Change to EEZ Act signals start of resource management reform
The Government has taken the first step in a series of changes to resource management processes, aimed at fixing failures in law passed by the previous government, and has signalled a wider review of the RMA in 2019.
A Bill to amend the Exclusive Economic Zone (EEZ) Act has been introduced to Parliament to ensure those applying for notifiable marine consents for activities within the EEZ pay for the Board of Inquiry that considers their applications, rather than the taxpayer picking up the cost.
“This is about fixing a National Party mistake. The 2017 amendments to the RMA and the EEZ were widely criticised for adding complexity and cost. Worse still, they changed the cost recovery rule and put the bill on the taxpayer. The amendment Act is needed to fix that mistake,” Environment Minister David Parker said.

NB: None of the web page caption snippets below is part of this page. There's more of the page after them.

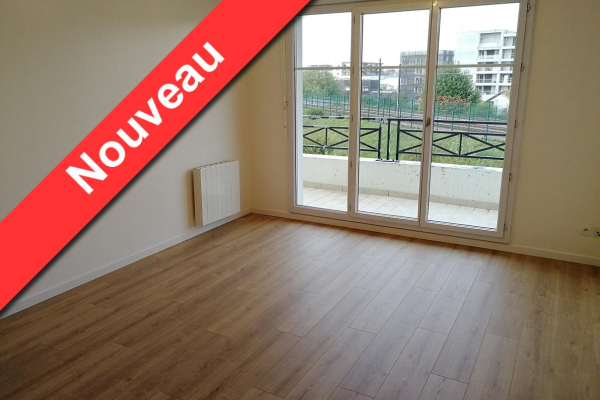 Appartement T2 de 42 m² à louer à NANTES
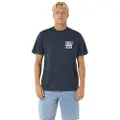 Rip Curl Raw Energy Trad Kortarmet T-skjorte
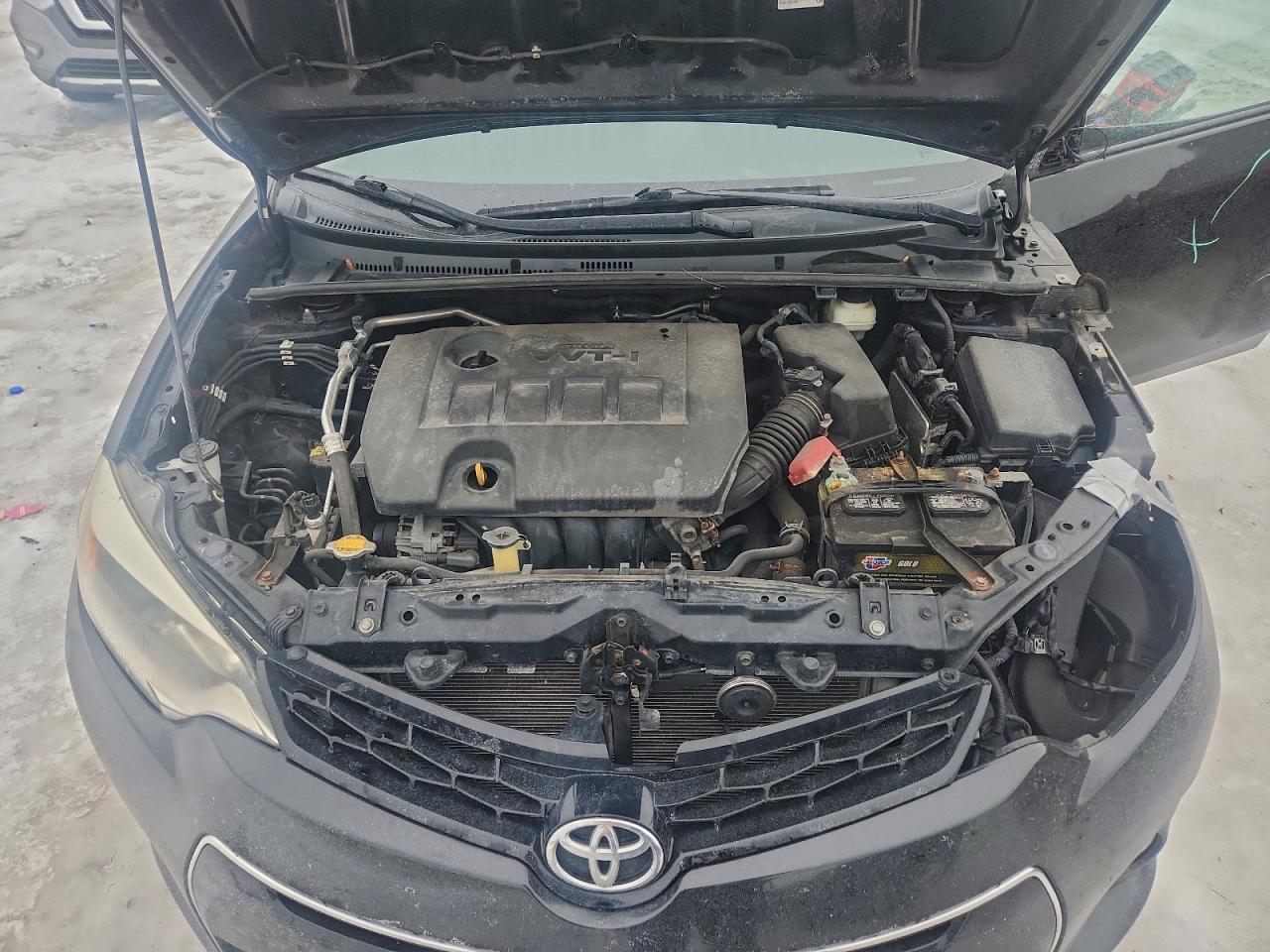 2014 TOYOTA COROLLA L photo 31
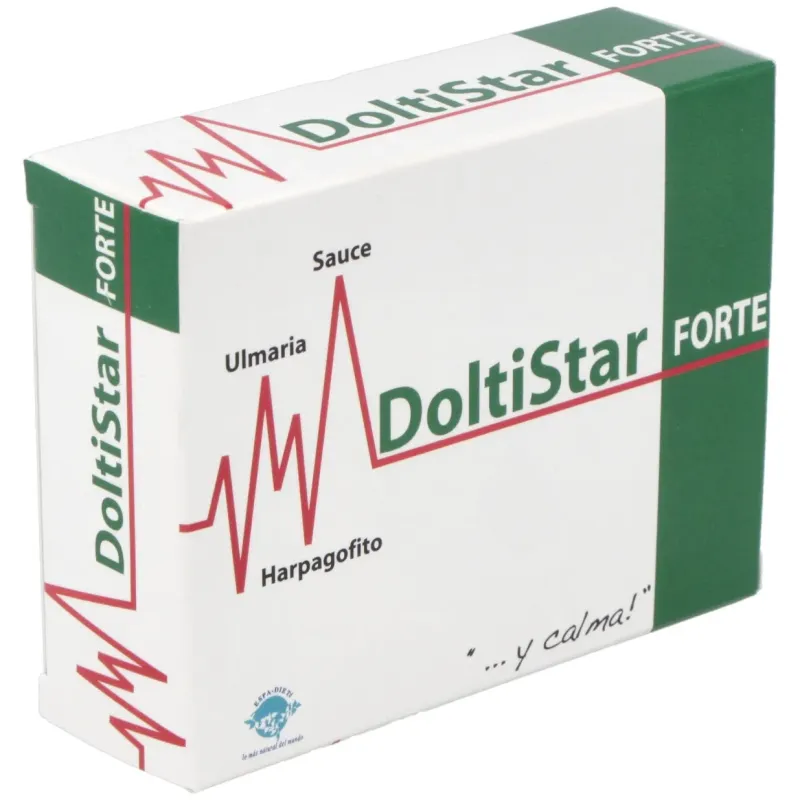 Montstar doltistar forte 45caps | Farmacia Barata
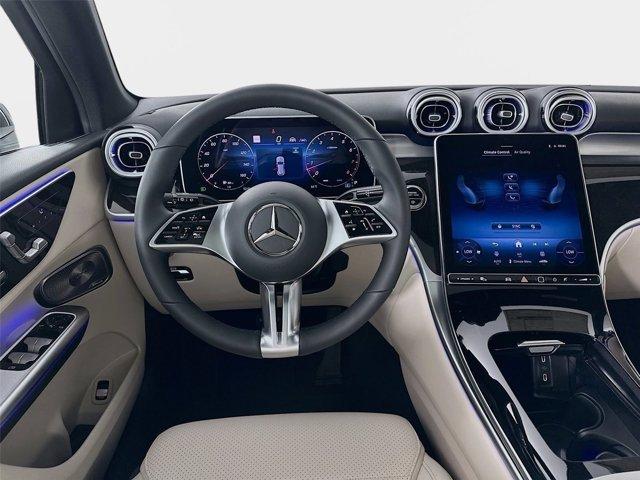 2026 Mercedes-BENZ GLC 缩略图 26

This cost-recovery provision will not apply to applications for a Board of Inquiry that were made before the amendment comes into force.

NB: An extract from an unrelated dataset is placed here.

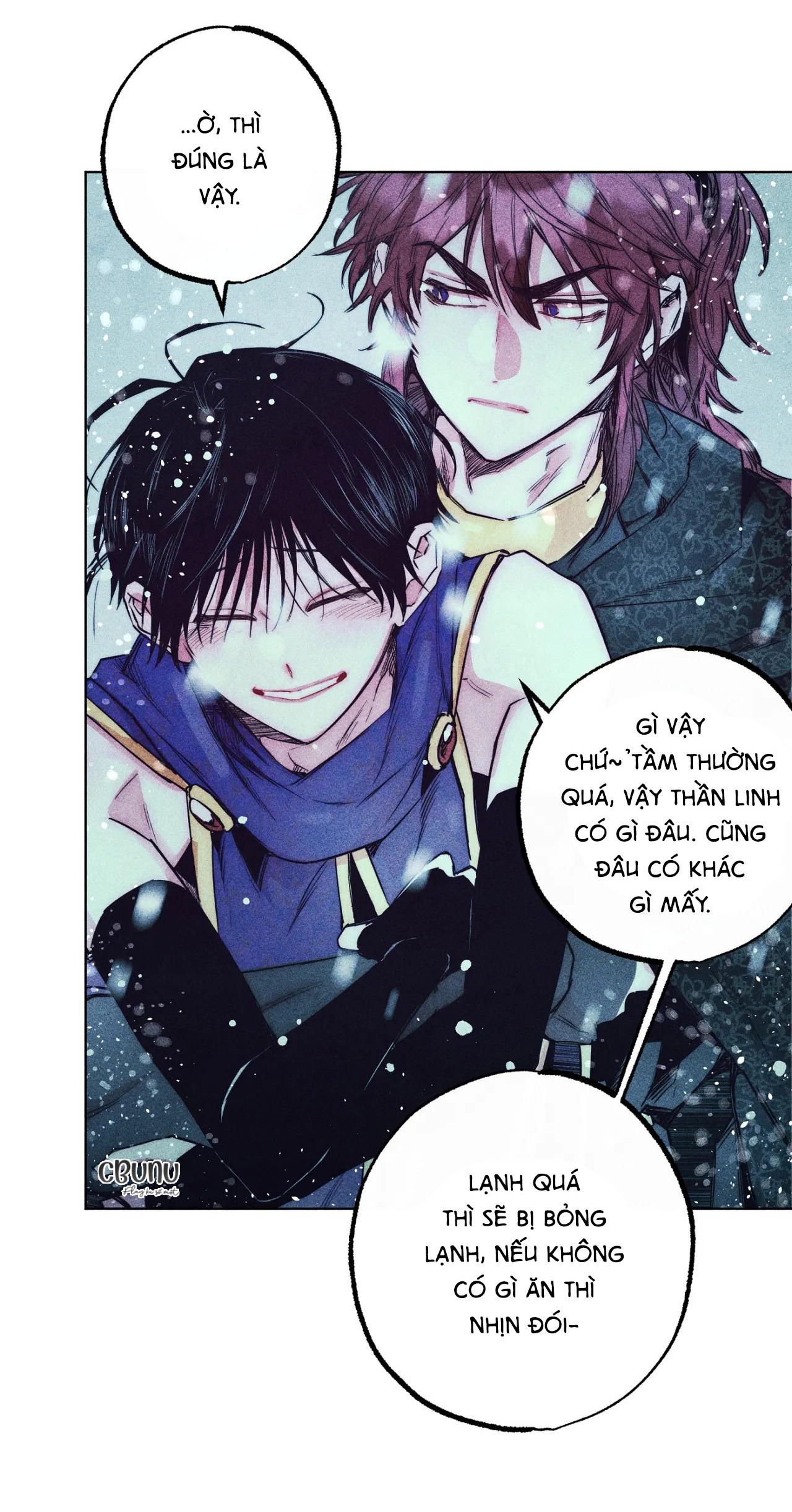(CBunu) Làm vị cứu tinh thật dễ dàng - Chap 61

“This is proper but does mean that hundreds of thousands of taxpayer dollars have been lost,” David Parker said
“We will be introducing a range of other, short-term changes to the RMA over the next year. Some will reverse or correct other 2017 changes, which were always deeply flawed.”
One example is reversing the change that took away appeal rights of applicants and objectors on residential activities and subdivision of land.

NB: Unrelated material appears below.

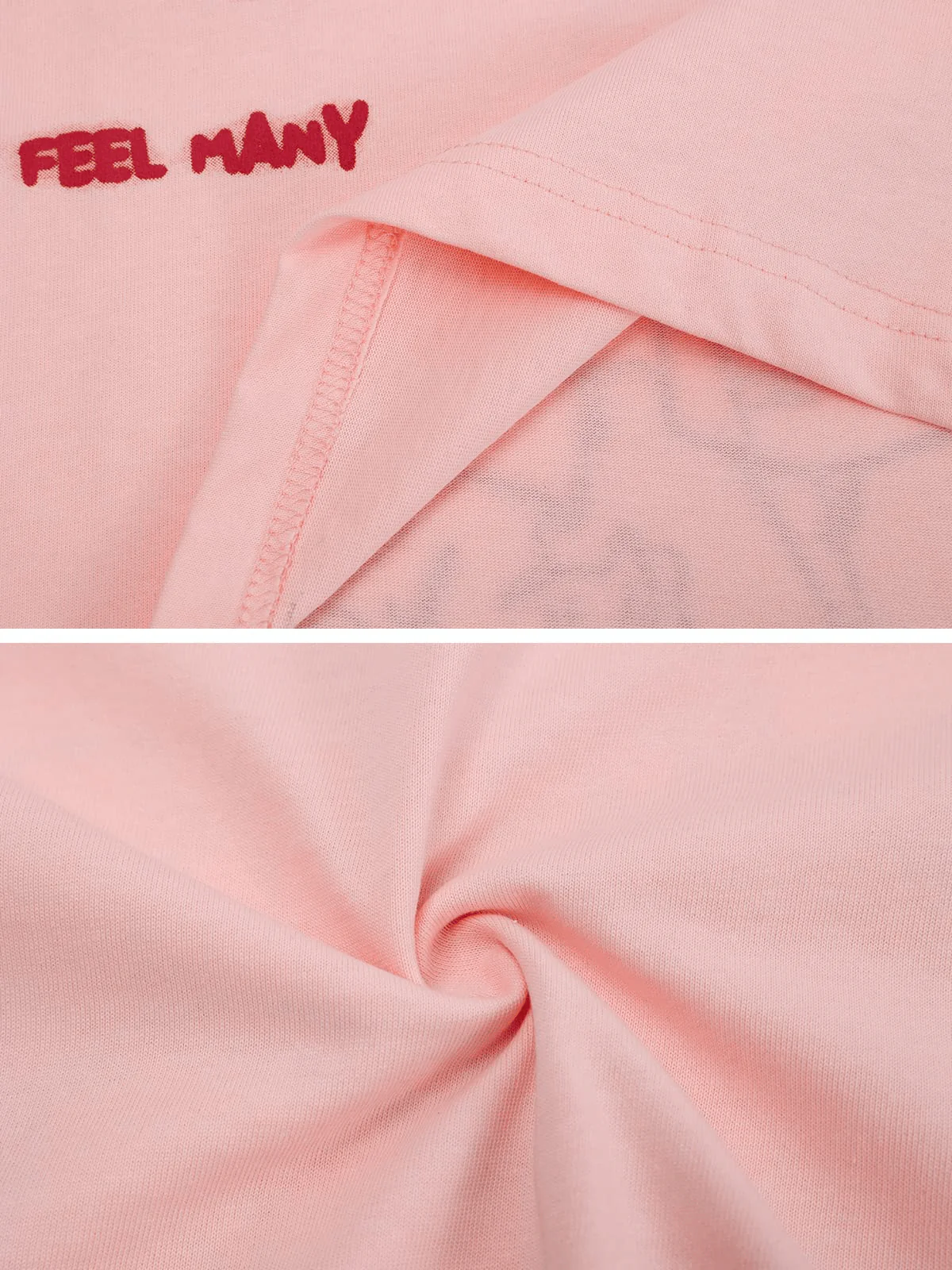 Aelfric Eden Cartoon Line Character Graphic Tee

“This ill-considered change resulted in some developers submitting applications that they ensured were non-complying in order to maintain their own appeal rights. Restoring their right to appeal on discretionary activities will remove the perverse incentive created by the 2017 law change,” David Parker said.
“A more comprehensive longer-term review of the resource management system will be considered next year, building on the Government’s work on urban development and water issues, and informed by work from outside government.”
This will include the project being undertaken by the Environmental Defence Society, supported by the Law Foundation, Employers & Manufacturers Association, Property Council of NZ, Infrastructure New Zealand and Watercare and previous work by Local Government NZ.
“The project is taking a first principles look at how the resource management system operates – not just the RMA but the whole system.
“Through all of this, I will be a staunch defender of Part 2 of the RMA – which sets out crucial environmental bottom lines,” David Parker said.